Collater

class fairseq2.data.Collater(pad_value=None, pad_to_multiple=1, overrides=None)[source]

Bases: object

Concatenate a list of inputs into a single inputs.

Used to create batches. If all tensors in the input example have the same last dimension, Collater returns the concatenated tensors.

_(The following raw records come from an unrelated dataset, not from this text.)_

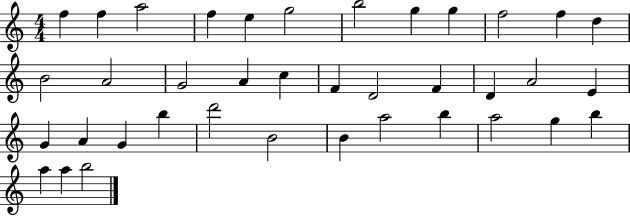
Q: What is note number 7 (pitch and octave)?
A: B5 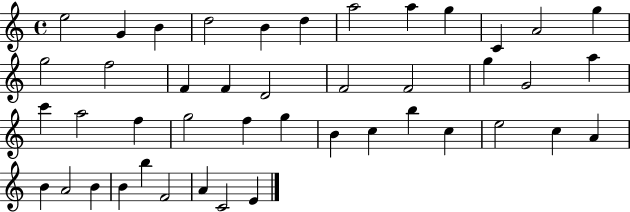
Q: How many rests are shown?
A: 0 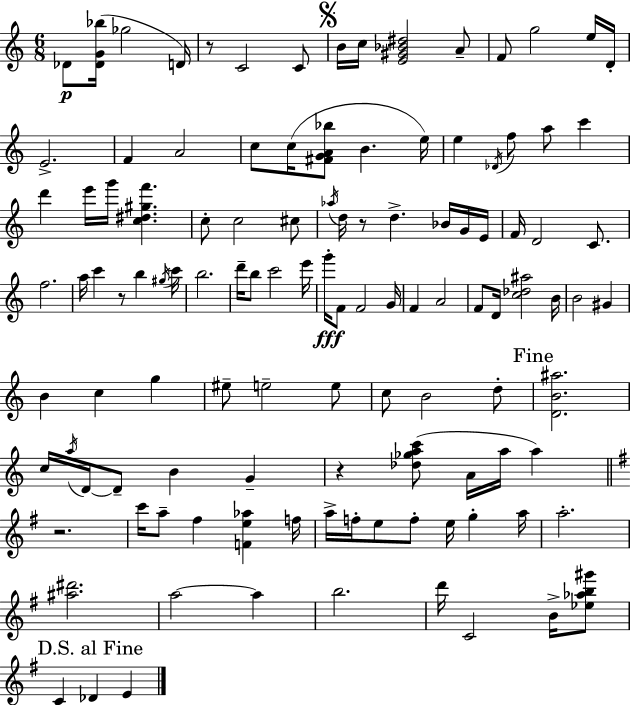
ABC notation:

X:1
T:Untitled
M:6/8
L:1/4
K:C
_D/2 [_DG_b]/4 _g2 D/4 z/2 C2 C/2 B/4 c/4 [E^G_B^d]2 A/2 F/2 g2 e/4 D/4 E2 F A2 c/2 c/4 [^FGA_b]/2 B e/4 e _D/4 f/2 a/2 c' d' e'/4 g'/4 [c^d^gf'] c/2 c2 ^c/2 _a/4 d/4 z/2 d _B/4 G/4 E/4 F/4 D2 C/2 f2 a/4 c' z/2 b ^g/4 c'/4 b2 d'/4 b/2 c'2 e'/4 g'/4 F/2 F2 G/4 F A2 F/2 D/4 [c_d^a]2 B/4 B2 ^G B c g ^e/2 e2 e/2 c/2 B2 d/2 [DB^a]2 c/4 a/4 D/4 D/2 B G z [_d_gac']/2 A/4 a/4 a z2 c'/4 a/2 ^f [Fe_a] f/4 a/4 f/4 e/2 f/2 e/4 g a/4 a2 [^a^d']2 a2 a b2 d'/4 C2 B/4 [_e_ab^g']/2 C _D E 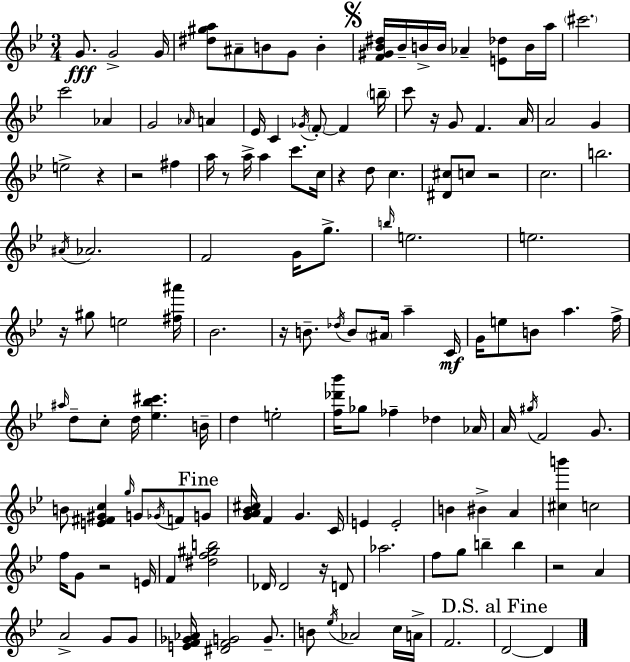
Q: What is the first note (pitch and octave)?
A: G4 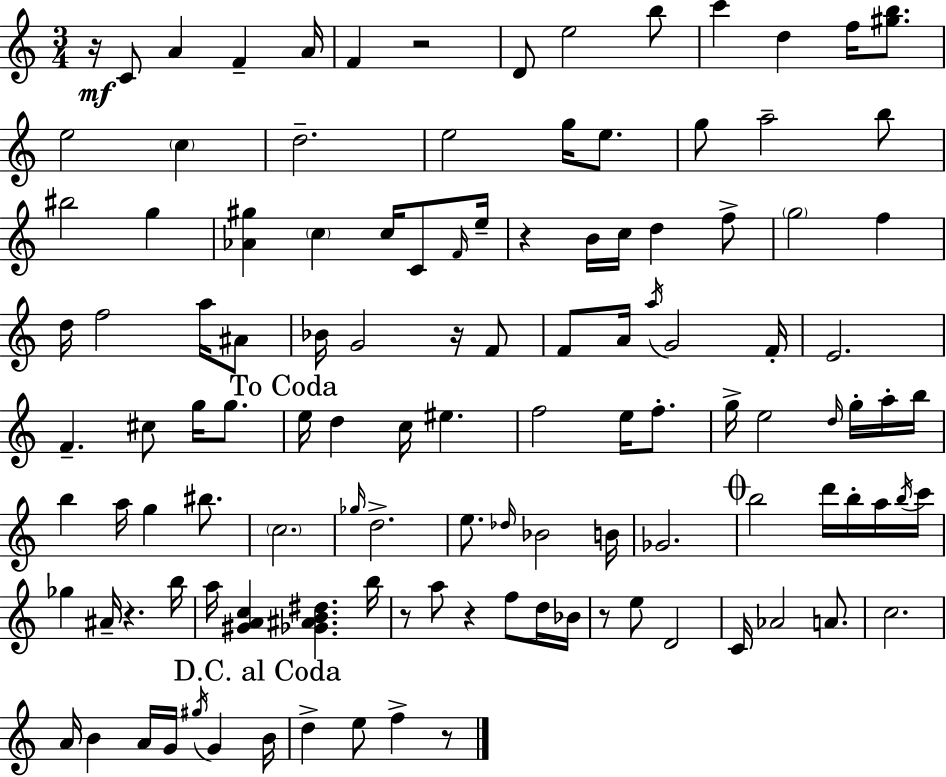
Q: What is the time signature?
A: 3/4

Otherwise pad_value is required, and the last dimension of the batch will be made long enough to fit the longest tensor, rounded up to pad_to_multiple. The returned batch is then a dictionary with the following keys:

{
    "is_ragged": True/False # True if padding was needed
    "seqs": [[1, 4, 5, 0], [1, 2, 3, 4]]  # "(Tensor) concatenated and padded tensors from the input
    "seq_lens": [3, 4]  # A tensor describing the original length of each input tensor
}

Collater preserves the shape of the original data. For a tuple of lists, it returns a tuple of batches. For a dict of lists, it returns a dict of lists.

Parameters:
  • pad_value (Optional[int]) – When concatenating tensors of different lengths, the value used to pad the shortest tensor

  • pad_to_multiple (int) – Always pad to a length of that multiple.

  • overrides (Optional[Sequence[CollateOptionsOverride]]) – List of overrides CollateOptionsOverride. Allows to override pad_value and pad_to_multiple for specific columns.

__call__(data)[source]

Concatenate the input tensors

Return type:

Any